**Your instructions**
Copy out, exactly, the first line of the entries below and every line after it through the one containing "Facts about Ghana and Cocoa PowerPoint".

Start of Source material

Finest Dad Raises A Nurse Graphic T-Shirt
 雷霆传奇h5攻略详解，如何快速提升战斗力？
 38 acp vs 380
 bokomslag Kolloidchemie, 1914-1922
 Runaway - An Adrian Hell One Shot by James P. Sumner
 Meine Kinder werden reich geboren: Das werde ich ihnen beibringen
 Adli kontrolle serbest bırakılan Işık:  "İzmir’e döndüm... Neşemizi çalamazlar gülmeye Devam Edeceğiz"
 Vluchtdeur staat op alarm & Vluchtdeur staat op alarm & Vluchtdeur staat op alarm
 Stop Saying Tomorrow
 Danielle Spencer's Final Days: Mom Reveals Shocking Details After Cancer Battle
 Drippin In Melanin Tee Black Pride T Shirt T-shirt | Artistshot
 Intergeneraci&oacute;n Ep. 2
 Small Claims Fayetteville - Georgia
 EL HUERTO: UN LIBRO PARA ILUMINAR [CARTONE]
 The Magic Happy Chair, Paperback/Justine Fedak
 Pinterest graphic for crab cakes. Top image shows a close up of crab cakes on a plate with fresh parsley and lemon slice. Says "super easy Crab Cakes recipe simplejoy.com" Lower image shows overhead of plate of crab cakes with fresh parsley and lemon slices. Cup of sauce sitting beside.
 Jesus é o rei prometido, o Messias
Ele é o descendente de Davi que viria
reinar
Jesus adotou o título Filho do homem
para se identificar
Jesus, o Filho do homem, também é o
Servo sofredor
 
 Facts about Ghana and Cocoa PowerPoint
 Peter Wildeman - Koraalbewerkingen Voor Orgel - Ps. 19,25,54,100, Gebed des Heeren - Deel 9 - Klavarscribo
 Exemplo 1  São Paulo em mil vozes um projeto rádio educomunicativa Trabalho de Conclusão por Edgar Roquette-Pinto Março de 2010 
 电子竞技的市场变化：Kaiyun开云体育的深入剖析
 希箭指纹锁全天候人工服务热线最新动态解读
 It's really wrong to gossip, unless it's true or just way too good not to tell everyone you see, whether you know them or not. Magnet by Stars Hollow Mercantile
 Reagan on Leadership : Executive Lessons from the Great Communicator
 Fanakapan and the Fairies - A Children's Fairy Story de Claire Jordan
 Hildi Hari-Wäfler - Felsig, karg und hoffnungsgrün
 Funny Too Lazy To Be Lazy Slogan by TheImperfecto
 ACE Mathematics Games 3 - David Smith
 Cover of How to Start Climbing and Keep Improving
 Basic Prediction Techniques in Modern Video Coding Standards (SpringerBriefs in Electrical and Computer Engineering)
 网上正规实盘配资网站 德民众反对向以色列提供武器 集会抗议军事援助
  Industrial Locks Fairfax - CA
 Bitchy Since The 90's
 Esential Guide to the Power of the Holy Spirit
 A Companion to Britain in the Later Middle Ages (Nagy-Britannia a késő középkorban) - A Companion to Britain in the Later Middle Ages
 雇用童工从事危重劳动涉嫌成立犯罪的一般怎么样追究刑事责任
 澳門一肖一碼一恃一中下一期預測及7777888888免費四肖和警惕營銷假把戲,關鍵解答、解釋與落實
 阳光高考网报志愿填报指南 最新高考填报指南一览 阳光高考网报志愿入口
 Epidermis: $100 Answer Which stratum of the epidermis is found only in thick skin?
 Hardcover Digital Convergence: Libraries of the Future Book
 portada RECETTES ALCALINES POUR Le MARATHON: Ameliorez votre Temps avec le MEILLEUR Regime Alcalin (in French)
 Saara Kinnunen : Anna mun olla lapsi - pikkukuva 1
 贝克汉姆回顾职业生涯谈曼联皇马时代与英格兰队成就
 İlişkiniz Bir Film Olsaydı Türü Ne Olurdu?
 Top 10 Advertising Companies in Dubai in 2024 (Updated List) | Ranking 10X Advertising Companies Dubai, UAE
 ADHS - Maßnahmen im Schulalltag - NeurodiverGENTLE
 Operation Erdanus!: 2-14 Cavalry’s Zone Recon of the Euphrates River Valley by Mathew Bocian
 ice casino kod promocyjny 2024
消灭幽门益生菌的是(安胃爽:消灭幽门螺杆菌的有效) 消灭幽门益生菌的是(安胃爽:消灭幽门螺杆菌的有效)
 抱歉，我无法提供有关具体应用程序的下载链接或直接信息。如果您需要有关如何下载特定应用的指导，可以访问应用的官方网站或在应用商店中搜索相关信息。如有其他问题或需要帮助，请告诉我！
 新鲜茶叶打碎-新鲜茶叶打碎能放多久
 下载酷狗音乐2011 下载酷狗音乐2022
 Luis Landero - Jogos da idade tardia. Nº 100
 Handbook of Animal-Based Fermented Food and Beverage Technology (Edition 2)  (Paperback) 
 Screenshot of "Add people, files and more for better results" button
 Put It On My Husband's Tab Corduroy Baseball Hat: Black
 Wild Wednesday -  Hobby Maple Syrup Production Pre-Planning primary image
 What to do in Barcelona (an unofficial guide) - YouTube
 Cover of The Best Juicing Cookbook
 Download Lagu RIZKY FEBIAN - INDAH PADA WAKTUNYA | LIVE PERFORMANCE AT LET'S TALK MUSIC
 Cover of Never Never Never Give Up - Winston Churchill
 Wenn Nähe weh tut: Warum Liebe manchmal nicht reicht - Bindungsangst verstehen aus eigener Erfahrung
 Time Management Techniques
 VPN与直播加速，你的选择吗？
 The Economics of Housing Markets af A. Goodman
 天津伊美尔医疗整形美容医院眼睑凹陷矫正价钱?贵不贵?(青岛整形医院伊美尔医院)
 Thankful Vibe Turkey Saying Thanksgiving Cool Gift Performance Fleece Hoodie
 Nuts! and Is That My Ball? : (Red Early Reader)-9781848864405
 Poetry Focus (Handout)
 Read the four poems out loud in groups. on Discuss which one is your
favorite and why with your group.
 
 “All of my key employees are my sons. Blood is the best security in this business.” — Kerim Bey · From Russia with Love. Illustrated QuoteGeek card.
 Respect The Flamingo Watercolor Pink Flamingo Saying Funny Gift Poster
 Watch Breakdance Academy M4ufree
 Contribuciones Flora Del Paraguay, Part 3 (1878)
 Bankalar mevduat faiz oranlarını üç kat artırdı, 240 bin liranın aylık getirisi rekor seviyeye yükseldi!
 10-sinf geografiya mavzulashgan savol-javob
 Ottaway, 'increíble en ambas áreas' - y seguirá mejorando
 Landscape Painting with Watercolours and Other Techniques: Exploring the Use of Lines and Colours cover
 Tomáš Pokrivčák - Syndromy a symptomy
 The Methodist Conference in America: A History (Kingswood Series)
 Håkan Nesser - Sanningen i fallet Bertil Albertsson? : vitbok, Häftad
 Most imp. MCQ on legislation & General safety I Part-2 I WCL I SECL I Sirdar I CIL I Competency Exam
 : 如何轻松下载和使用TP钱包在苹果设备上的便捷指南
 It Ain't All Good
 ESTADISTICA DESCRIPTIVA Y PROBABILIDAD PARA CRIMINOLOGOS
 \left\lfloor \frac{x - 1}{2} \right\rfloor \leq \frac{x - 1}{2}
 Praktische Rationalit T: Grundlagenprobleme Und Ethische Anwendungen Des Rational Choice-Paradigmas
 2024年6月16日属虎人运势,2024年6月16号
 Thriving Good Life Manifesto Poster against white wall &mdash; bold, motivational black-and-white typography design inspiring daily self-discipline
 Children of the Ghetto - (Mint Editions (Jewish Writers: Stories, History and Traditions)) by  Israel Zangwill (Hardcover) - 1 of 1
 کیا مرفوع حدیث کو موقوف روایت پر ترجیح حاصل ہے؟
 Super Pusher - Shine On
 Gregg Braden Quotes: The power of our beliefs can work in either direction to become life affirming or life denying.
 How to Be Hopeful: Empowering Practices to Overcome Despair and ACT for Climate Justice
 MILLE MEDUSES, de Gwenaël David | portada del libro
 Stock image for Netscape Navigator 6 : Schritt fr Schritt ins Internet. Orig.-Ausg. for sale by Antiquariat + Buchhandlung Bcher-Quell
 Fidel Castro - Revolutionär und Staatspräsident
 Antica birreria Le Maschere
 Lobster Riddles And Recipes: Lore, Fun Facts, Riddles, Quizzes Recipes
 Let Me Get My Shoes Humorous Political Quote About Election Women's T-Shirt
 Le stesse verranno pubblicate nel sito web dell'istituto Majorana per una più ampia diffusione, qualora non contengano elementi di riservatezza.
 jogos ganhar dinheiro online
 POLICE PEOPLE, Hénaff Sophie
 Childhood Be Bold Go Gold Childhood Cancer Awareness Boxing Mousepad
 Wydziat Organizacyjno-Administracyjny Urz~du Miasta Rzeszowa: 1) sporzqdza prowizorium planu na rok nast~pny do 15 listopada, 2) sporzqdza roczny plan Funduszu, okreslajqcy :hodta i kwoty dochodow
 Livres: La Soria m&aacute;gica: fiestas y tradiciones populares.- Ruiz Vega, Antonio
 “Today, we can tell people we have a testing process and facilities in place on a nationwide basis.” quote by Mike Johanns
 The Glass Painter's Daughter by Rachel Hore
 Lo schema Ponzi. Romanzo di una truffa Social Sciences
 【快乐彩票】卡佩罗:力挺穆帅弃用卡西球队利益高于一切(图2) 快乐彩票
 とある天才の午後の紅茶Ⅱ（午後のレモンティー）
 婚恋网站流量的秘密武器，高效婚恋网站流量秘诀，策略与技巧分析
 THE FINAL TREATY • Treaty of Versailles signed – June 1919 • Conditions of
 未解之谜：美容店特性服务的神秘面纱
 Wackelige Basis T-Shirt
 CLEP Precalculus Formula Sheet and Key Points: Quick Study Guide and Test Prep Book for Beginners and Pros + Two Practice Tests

End of Source material

**Answer to this exercise**
Finest Dad Raises A Nurse Graphic T-Shirt
 雷霆传奇h5攻略详解，如何快速提升战斗力？
 38 acp vs 380
 bokomslag Kolloidchemie, 1914-1922
 Runaway - An Adrian Hell One Shot by James P. Sumner
 Meine Kinder werden reich geboren: Das werde ich ihnen beibringen
 Adli kontrolle serbest bırakılan Işık:  "İzmir’e döndüm... Neşemizi çalamazlar gülmeye Devam Edeceğiz"
 Vluchtdeur staat op alarm & Vluchtdeur staat op alarm & Vluchtdeur staat op alarm
 Stop Saying Tomorrow
 Danielle Spencer's Final Days: Mom Reveals Shocking Details After Cancer Battle
 Drippin In Melanin Tee Black Pride T Shirt T-shirt | Artistshot
 Intergeneraci&oacute;n Ep. 2
 Small Claims Fayetteville - Georgia
 EL HUERTO: UN LIBRO PARA ILUMINAR [CARTONE]
 The Magic Happy Chair, Paperback/Justine Fedak
 Pinterest graphic for crab cakes. Top image shows a close up of crab cakes on a plate with fresh parsley and lemon slice. Says "super easy Crab Cakes recipe simplejoy.com" Lower image shows overhead of plate of crab cakes with fresh parsley and lemon slices. Cup of sauce sitting beside.
 Jesus é o rei prometido, o Messias
Ele é o descendente de Davi que viria
reinar
Jesus adotou o título Filho do homem
para se identificar
Jesus, o Filho do homem, também é o
Servo sofredor
 
 Facts about Ghana and Cocoa PowerPoint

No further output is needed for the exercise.